Sydney set to swelter through hottest day in more than two years

FILE PHOTO: Heat haze can be seen in a paddock on May McKeown's 6000 acre (2400 hectare) property of 'Long View' near the town of Come-by-Chance, located over 700 km north-west of Sydney in Australia, March 17, 2017. REUTERS/David Gray/File Photo

Heat haze can be seen in a paddock on May McKeown’s 6000 acre (2400 hectare) property of ‘Long View’ near the town of Come-by-Chance, located over 700 km north-west of Sydney in Australia, March 17, 2017. (REUTERS/David Gray/File Photo)

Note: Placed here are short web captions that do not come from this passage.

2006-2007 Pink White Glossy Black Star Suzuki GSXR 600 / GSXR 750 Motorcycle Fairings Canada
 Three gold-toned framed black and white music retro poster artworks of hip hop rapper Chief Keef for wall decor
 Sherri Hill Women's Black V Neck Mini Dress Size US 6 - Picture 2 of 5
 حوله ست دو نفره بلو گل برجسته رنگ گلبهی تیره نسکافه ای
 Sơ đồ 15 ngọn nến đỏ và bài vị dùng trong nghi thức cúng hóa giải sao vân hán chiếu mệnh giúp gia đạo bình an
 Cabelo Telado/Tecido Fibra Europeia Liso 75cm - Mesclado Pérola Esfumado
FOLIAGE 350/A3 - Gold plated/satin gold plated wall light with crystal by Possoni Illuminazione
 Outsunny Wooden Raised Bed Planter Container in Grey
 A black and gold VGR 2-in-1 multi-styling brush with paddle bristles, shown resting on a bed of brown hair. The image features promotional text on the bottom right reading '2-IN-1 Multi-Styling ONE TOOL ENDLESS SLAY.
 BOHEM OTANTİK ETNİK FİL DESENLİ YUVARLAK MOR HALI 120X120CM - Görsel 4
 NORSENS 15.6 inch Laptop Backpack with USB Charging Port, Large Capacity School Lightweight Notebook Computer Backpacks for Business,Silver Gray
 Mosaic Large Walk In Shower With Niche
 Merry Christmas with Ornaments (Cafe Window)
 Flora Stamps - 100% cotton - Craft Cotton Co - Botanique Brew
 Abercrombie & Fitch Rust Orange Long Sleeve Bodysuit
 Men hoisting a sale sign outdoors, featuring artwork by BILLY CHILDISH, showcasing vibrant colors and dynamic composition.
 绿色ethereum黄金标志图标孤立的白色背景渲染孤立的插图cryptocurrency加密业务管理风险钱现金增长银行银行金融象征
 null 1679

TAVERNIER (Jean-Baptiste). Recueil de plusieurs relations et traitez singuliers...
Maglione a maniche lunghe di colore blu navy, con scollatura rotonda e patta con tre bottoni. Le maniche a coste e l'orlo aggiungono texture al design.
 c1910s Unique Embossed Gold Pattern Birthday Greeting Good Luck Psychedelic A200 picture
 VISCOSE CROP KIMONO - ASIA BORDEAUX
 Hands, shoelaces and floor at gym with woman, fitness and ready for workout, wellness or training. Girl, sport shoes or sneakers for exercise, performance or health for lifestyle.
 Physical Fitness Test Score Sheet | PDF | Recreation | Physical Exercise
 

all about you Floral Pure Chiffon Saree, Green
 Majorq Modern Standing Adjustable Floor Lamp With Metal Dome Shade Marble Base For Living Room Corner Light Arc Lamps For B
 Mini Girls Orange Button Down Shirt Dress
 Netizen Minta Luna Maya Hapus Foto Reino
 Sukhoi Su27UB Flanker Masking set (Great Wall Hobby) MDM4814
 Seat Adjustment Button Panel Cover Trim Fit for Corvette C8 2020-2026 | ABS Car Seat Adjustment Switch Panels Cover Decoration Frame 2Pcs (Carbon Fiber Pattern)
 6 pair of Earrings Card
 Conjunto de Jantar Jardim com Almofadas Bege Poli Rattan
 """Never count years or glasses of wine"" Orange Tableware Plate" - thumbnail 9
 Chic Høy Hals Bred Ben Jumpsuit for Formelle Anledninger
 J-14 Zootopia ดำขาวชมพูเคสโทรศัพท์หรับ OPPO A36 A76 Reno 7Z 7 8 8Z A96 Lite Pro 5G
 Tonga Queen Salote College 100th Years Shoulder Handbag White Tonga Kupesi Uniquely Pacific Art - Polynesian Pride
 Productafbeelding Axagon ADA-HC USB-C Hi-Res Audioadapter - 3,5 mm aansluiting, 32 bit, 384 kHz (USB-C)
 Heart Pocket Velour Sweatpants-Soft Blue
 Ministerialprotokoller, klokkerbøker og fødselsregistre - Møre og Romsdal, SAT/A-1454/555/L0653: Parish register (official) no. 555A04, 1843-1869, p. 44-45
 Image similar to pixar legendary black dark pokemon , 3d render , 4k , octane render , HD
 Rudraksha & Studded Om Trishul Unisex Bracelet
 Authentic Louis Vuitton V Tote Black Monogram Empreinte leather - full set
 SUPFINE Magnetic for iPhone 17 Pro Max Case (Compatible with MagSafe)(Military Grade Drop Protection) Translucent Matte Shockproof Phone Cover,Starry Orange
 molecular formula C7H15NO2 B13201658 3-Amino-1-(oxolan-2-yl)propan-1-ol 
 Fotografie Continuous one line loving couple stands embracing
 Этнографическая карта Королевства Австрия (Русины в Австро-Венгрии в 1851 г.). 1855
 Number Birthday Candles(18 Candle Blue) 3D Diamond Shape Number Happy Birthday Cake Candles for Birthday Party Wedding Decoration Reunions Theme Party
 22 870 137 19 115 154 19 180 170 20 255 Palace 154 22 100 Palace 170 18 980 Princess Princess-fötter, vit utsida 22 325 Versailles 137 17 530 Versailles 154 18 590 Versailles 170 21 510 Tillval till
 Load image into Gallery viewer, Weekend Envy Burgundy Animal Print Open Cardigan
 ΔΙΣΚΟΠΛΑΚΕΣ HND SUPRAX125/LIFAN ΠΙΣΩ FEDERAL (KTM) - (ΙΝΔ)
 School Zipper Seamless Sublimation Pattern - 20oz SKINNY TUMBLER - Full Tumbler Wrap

SYDNEY  – Parts of Australia’s east, including Sydney, are bracing for their hottest day in more than two years on Monday with temperatures forecast to hit around 40 degrees Celsius (104 Fahrenheit), raising the risk of dangerous bushfires.

Total fire bans are now in place for multiple regions across most of New South Wales, the home state of one-third of Australians, with authorities warning of high to extreme danger.

Some 34 fires are already burning across the state, four of which are yet to be contained, while 33 public schools, mostly in inland regions, have been closed ahead of the severe heat, officials said.

“If a fire does start, it’s going to be burning under those difficult conditions … (it’s) harder for our firefighters to get around them, and fire can spread very quickly, particularly in grassland,” Angela Burford, operational officer at the New South Wales Rural Fire Service, told the Australian Broadcasting Corp.

The hot and dry conditions are likely to persist until Wednesday, the Bureau of Meteorology said.

Australia’s east coast has been dominated by the La Nina weather phenomenon – typically associated with increased rainfall – over the last two years, which brought record rains and widespread flooding. In 2022, Sydney recorded its highest annual rainfall since records began in 1858.

But the weather bureau last week said its climate models suggest La Nina was “likely near its end” and neutral conditions, which is neither La Nina or its opposite El Nino, were likely to prevail through the southern hemisphere autumn.